WORK TASK:
Could you copy exactly the lines below, beginning at the line with "Cama de plataforma" and stopping after the line with "Matte Satin One-Shoulder", with no pictures?

MATERIAL FOR THE TASK:
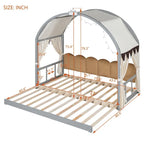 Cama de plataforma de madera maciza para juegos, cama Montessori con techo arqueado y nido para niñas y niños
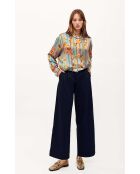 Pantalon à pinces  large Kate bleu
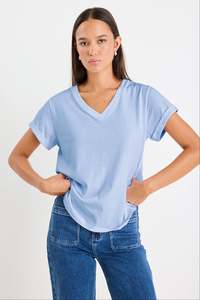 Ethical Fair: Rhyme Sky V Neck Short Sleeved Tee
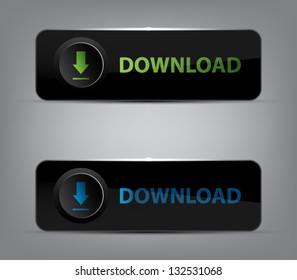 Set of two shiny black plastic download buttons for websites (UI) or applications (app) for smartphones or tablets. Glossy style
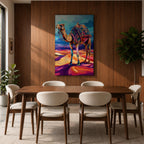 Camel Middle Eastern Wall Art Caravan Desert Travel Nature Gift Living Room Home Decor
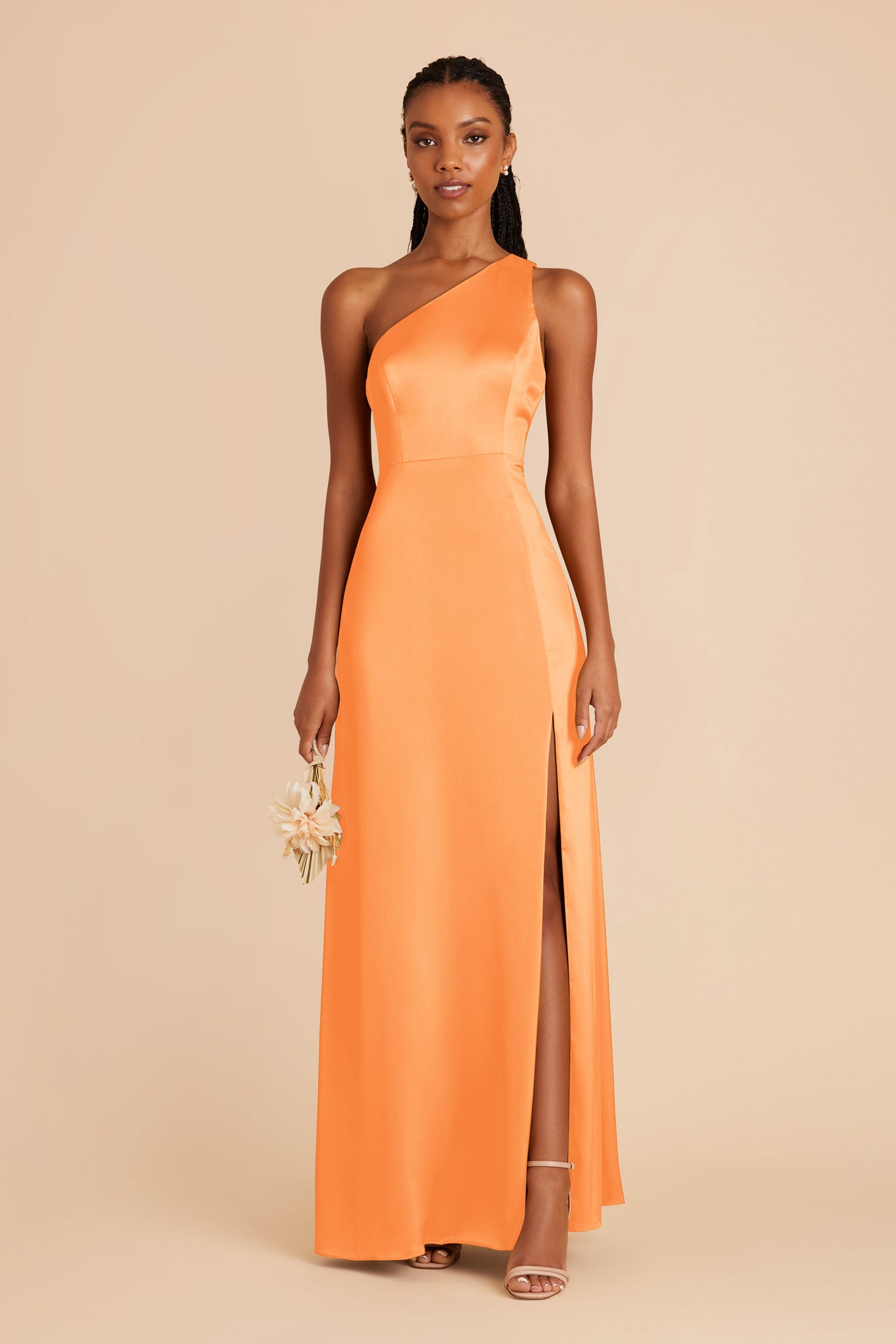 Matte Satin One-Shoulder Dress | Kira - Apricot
* * *
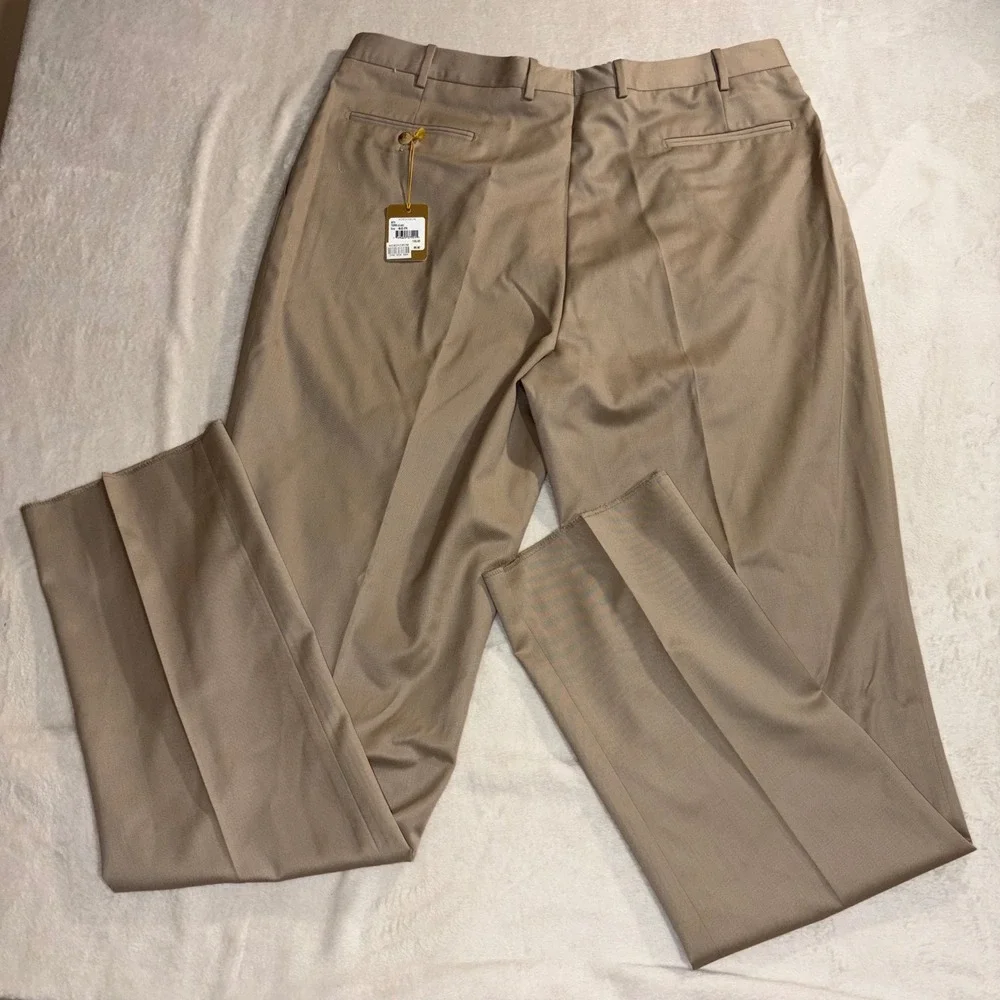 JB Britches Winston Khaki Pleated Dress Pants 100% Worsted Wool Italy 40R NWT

TASK RESPONSE:
 Cama de plataforma de madera maciza para juegos, cama Montessori con techo arqueado y nido para niñas y niños
 Pantalon à pinces  large Kate bleu
 Ethical Fair: Rhyme Sky V Neck Short Sleeved Tee
 Set of two shiny black plastic download buttons for websites (UI) or applications (app) for smartphones or tablets. Glossy style
 Camel Middle Eastern Wall Art Caravan Desert Travel Nature Gift Living Room Home Decor
 Matte Satin One-Shoulder Dress | Kira - Apricot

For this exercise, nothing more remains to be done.